As I walked down towards my village in the dark last night, the scene was timeless. There was no traffic on the lane – only a few dotted yellow lights. The hills were open and empty under the pale mist. I could have been a shepherd watching his sheep on a hillside a thousand years ago. And that small yellow light below was a lantern at the door of a cattle shed long ago.

Today we heard of the words of the Prophetess Anna from Luke 2:36-40:

She came by first at that moment and began to praise God, and she spoke of the child to all that looked forward to the deliverance of Jerusalem.

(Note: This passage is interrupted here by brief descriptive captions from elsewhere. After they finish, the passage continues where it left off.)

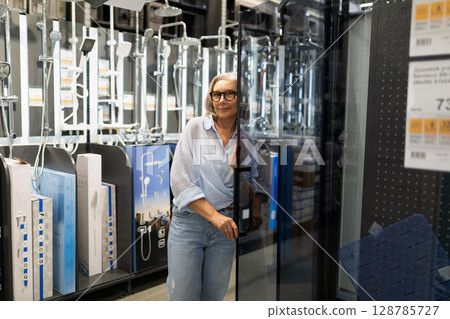 Middle-aged woman enjoys shopping experience in home improvement store exploring various departments 128785727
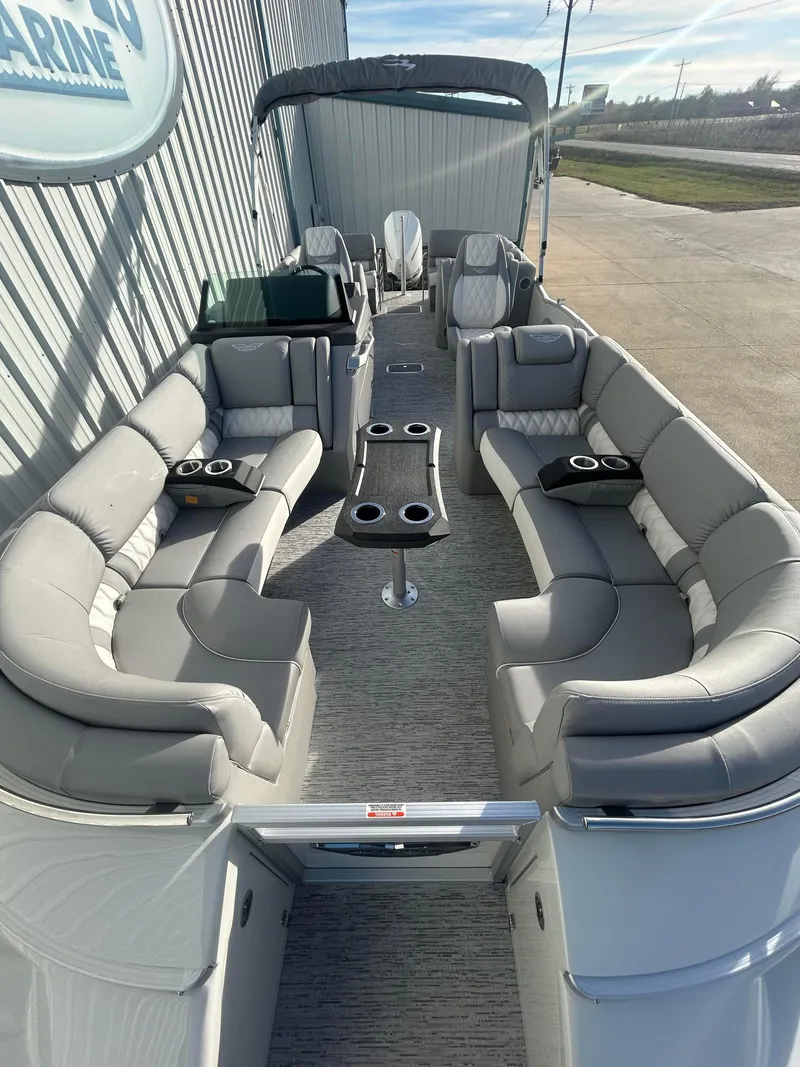 Slide: The Image of 2025 Bennington Q 27 pontoon boat with spacious seating and modern design. - 5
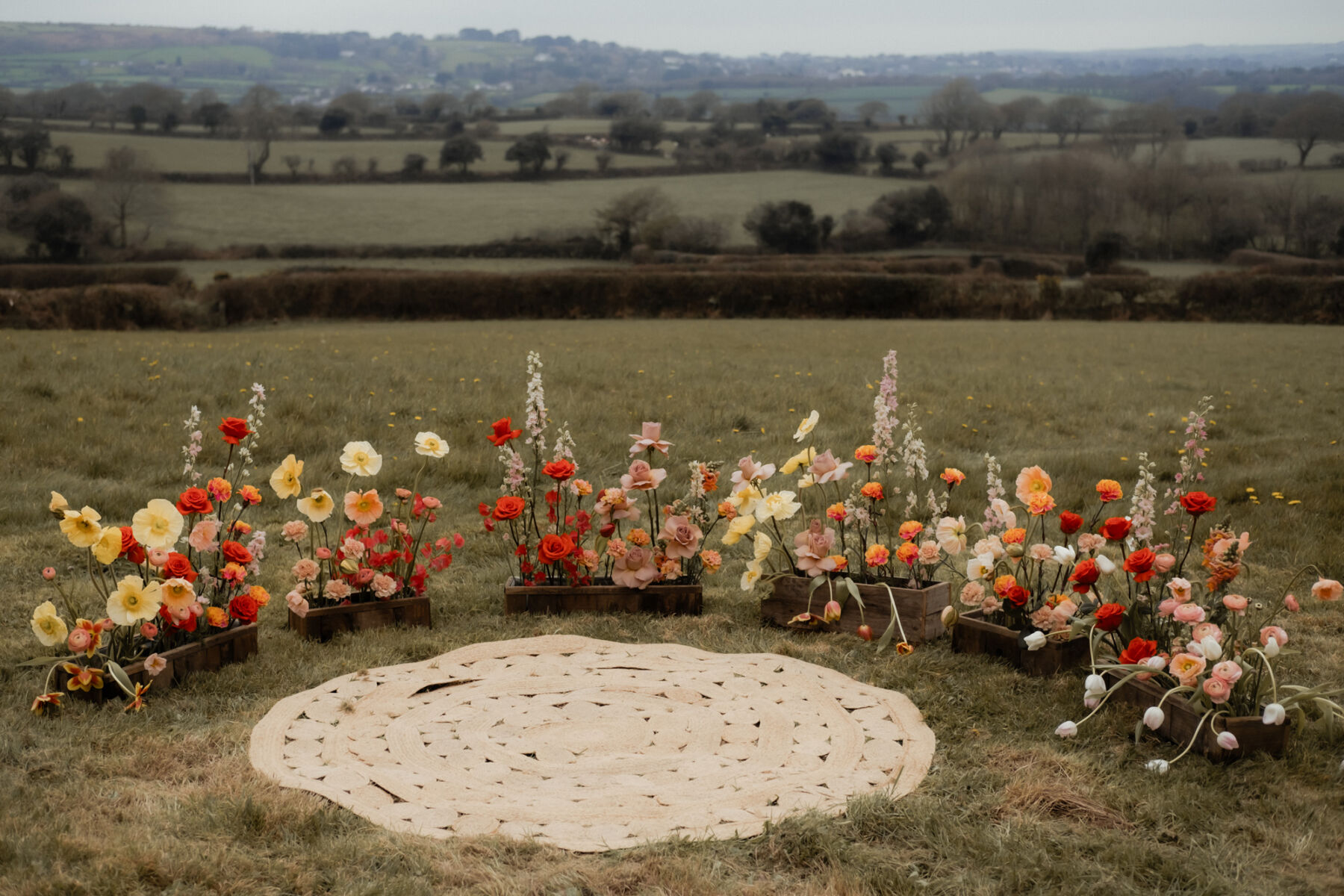 Meadow flowers in boxes for an outdoor wedding, positioned in a semi-circle with a bohemian rug. The Cornish Place wedding venue, Cornwall.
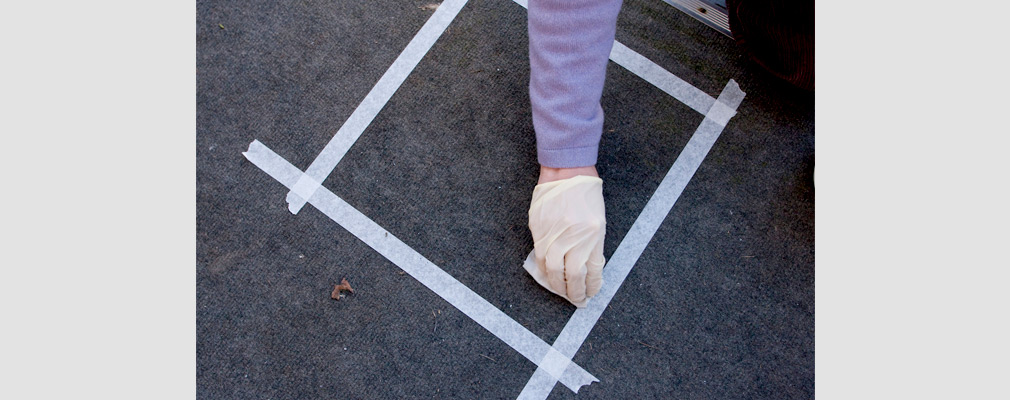 Photograph of a gloved hand wiping a cloth within a taped square on a floor.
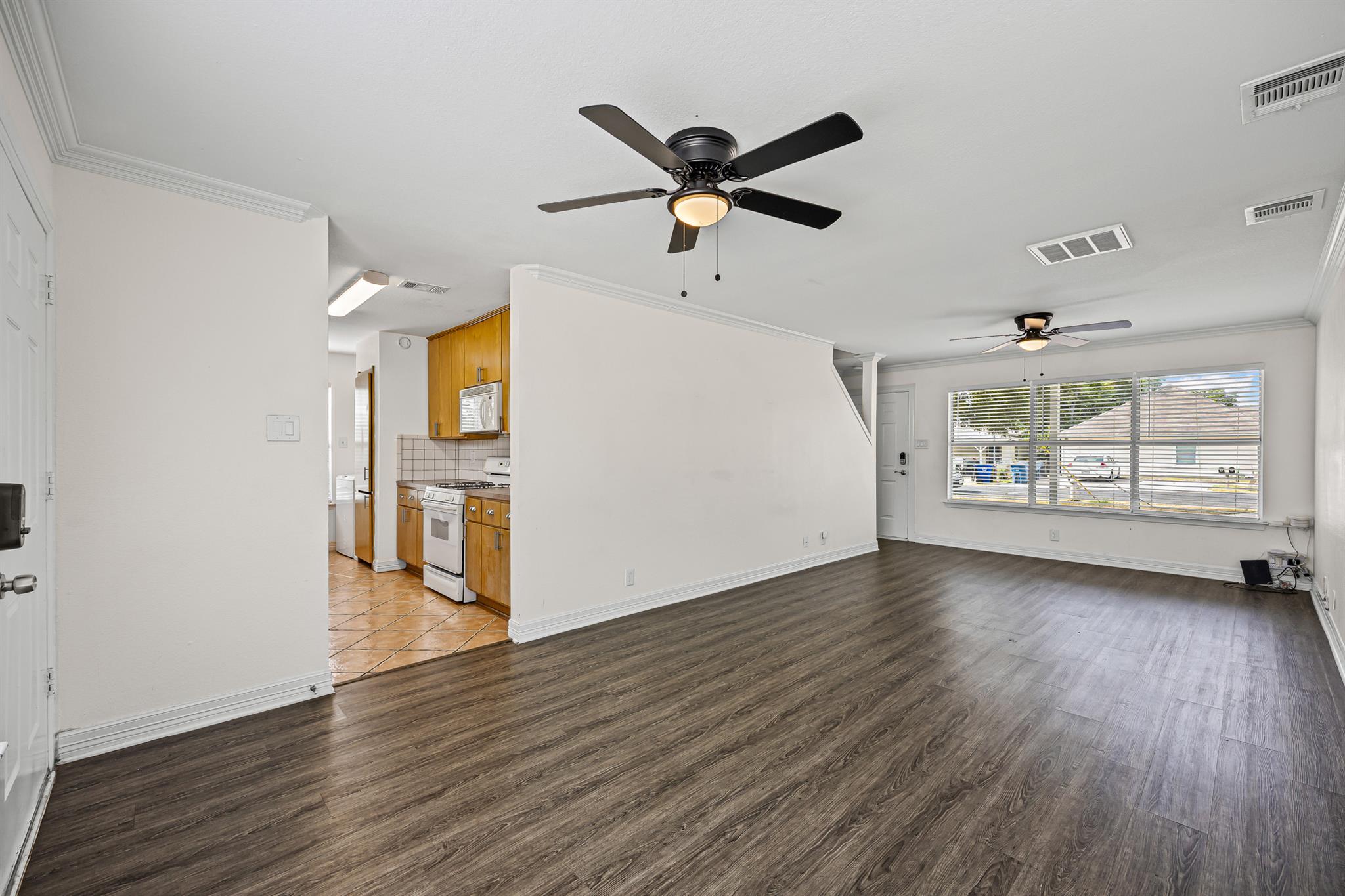 Vacant living room with dark wood-look floors, ceiling fans, and a view into the kitchen.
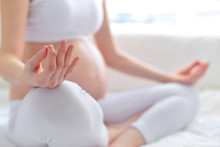 Beautiful pregnant woman exercising while sitting in lotus position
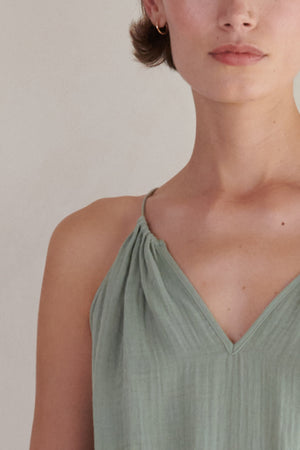 A close-up view of a woman wearing a Velvet by Jenny Graham Carrillo dress, focusing on the neckline and fabric detail.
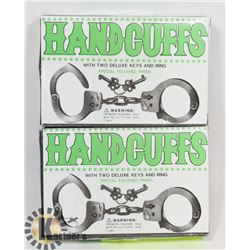 TWO SETS OF HANDCUFFS WITH KEYS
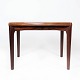 Side table in 
rosewood 
designed by 
Henning 
Kjærnulf and 
manufactured by 
Vejle Furniture 
in the ...
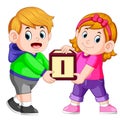 Two kids carrying alphabet block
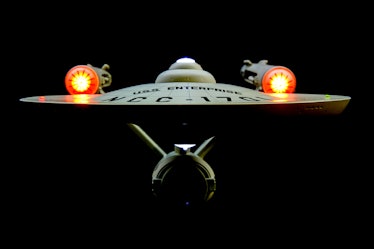 A model of the Federation starship USS Enterprise, commanded by Captain James T. Kirk in the origina...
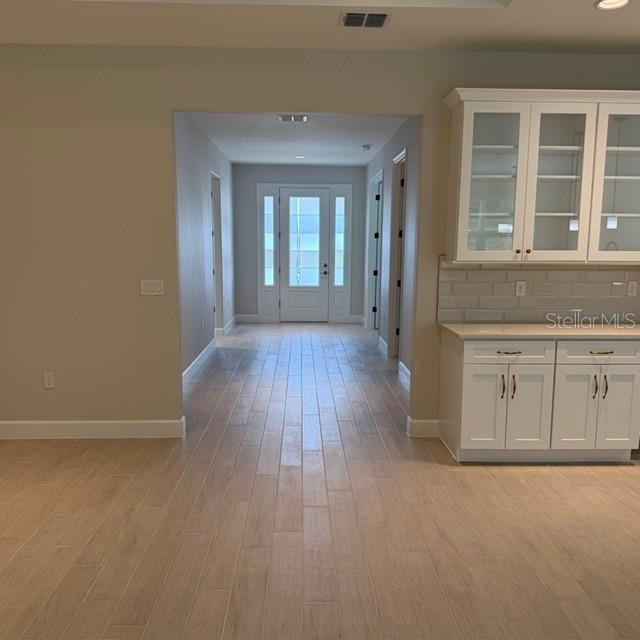 A view from a kitchen looking toward a front entryway with light-colored tile flooring — 380 E DUSTY COURT, HERNANDO, FL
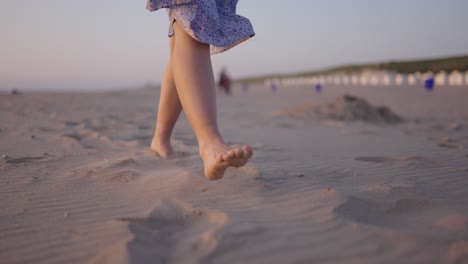 Caucasian-woman-walks-barefoot-on-beach-sand,-flowing-dress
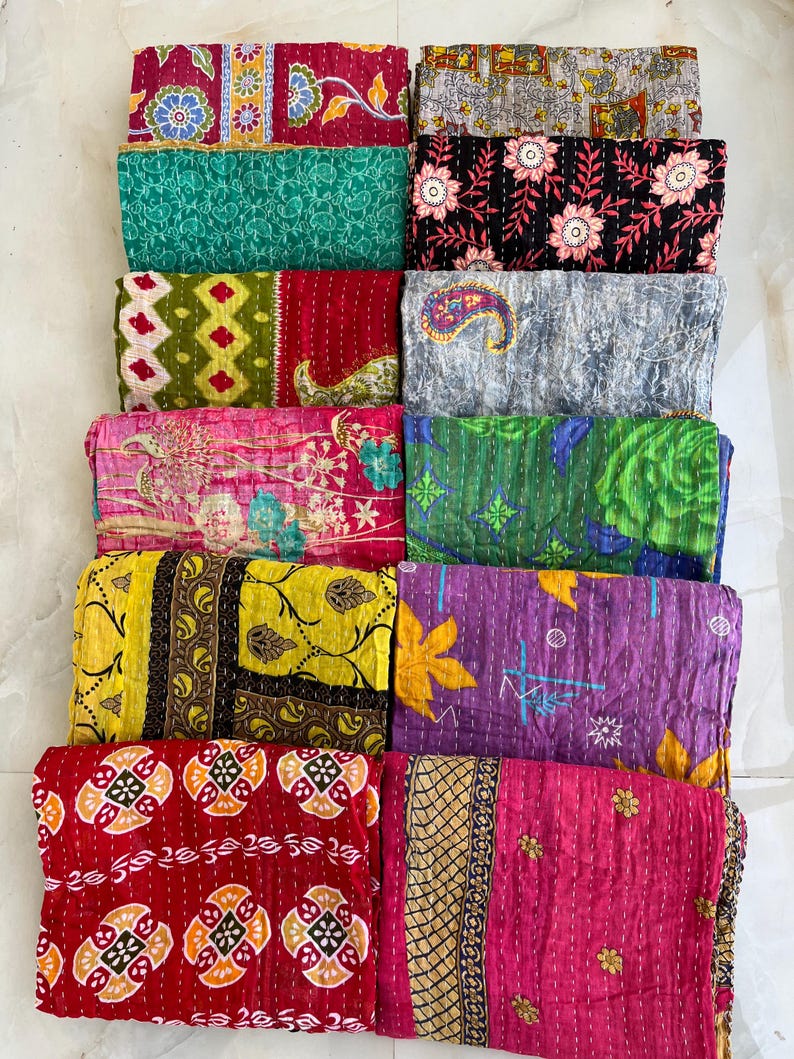 Pu&ograve; includere: Una collezione di trapunte kantha piegate e colorate. Le trapunte presentano una variet&agrave; di motivi, tra cui floreali, paisley e geometrici. La tavolozza dei colori comprende rosso, verde, giallo, viola e rosa, con cuciture intricate.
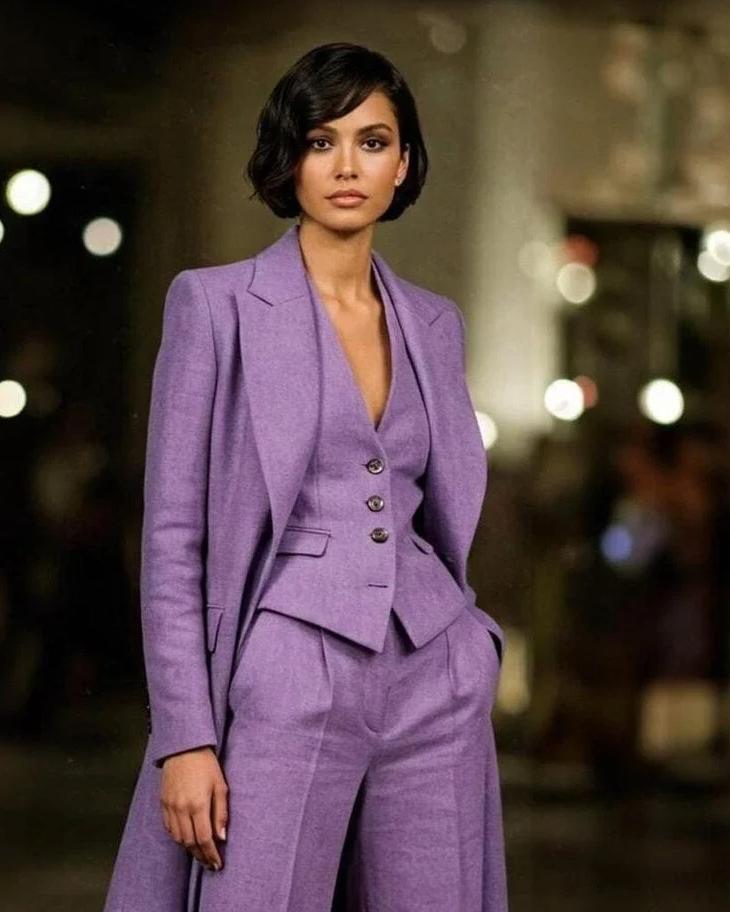Woman wearing a purple linen three-piece suit with a V-neck vest, single-button blazer, and wide-leg trousers.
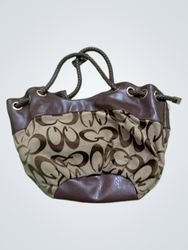 Brown and tan drawstring bucket bag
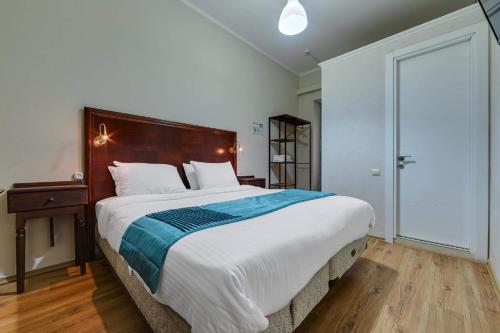 a bedroom with a large bed with a wooden headboard at House 52 Boutique Hotel in Tbilisi City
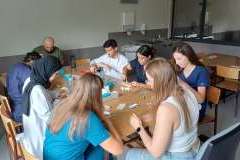 Młode osoby siedzące przy stole wykonujące ćwiczenia szycia na zwierzęcej skórze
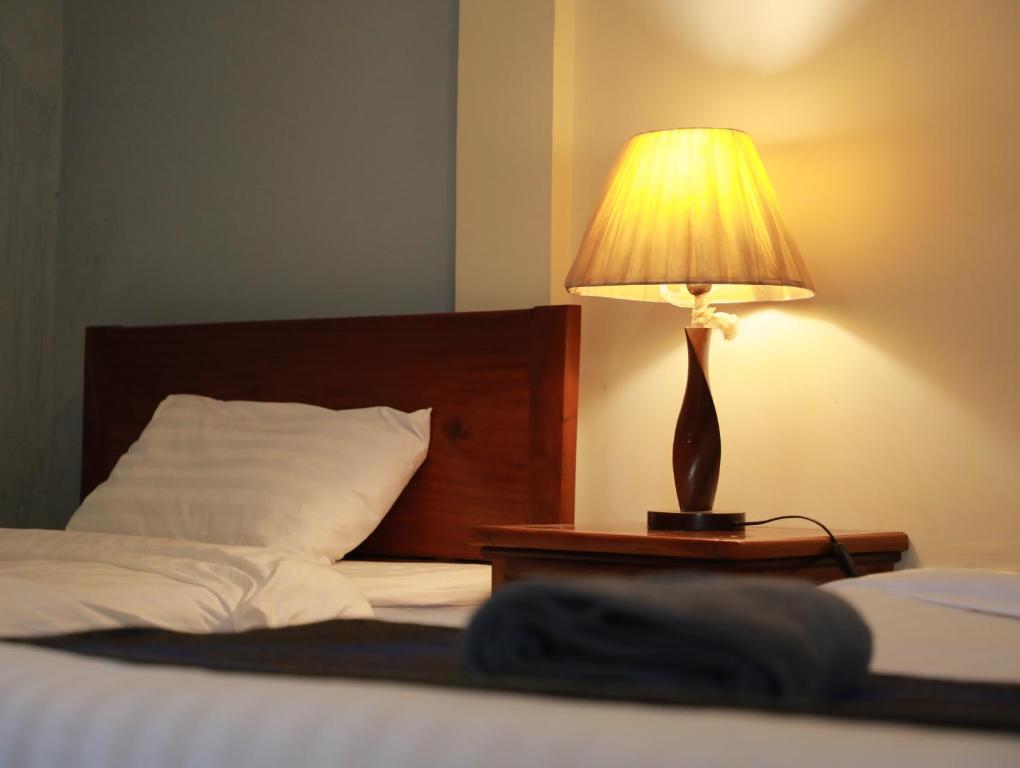 a lamp sitting on a table next to a bed at BLANK GUEST HOUSE in Siem Reap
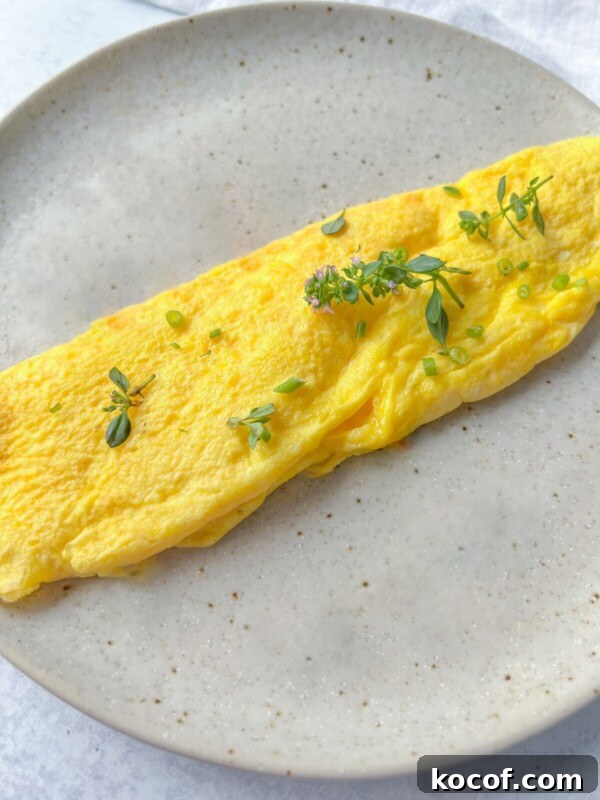 Perfect Hard-Boiled Eggs in the Air Fryer: Quick Guide 6 A neatly folded yellow omelet garnished with small green herbs sits on a speckled light gray ceramic plate.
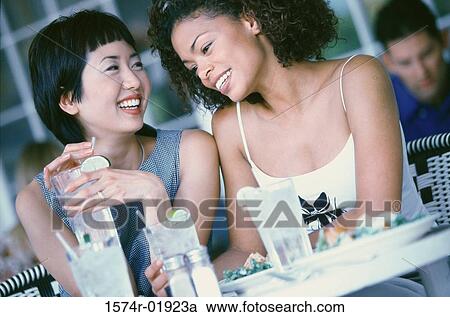 Two young woman seated at a table smiling View Large Photo Image Stock Image - Two young woman seated at a table smiling. Fotosearch
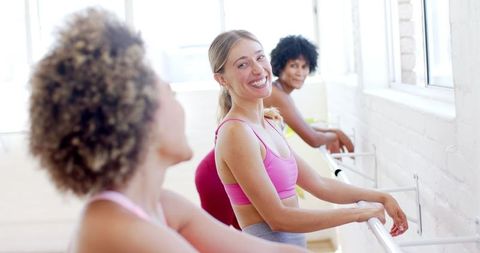 Group of Women Enjoying Pilates Class in Studio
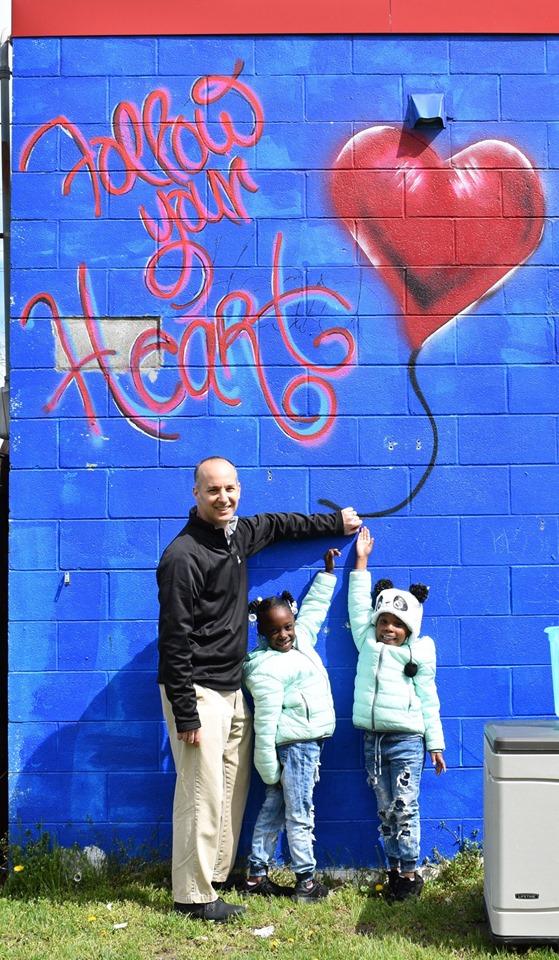 Lansing, MI, Pop-Up Park - man with kids standing in front of a blue wall with a printed message saying follow your heart.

I am reading again Patrick Leigh Fermor’s A Time to Keep Silence. At the end of the book he visits La Grande Trappe, the founding Trappist Monastery in France. The life of the monks there is unbelievably austere. They rise at 1 or 2 am, after just six hours sleep, and start over 6 hours a day in the chapel. No heating, constant backbreaking labour in the fields, yet the monks are gloriously content.

He describes one:

The first was the guest master, the young, auburn haired monk who was responsible for the part of the abbey where I lived: a young man of extreme good looks , great charm and a glare of the most disarming integrity and friendliness. He was surrounded by an aura of composure and peace rarely encountered among laymen.

I have always found this when staying in a monastery. After a few days, one is filled, for no obvious reason, with a great feeling of acceptance and just happiness. One just goes to bed confidentally happy. I think it is the leaving behind of all the fake friends of power, money, want, self regaurd and of becoming so much nearer to God.

“God is light; there is no darkness in him at all.” St. John 1:5-22.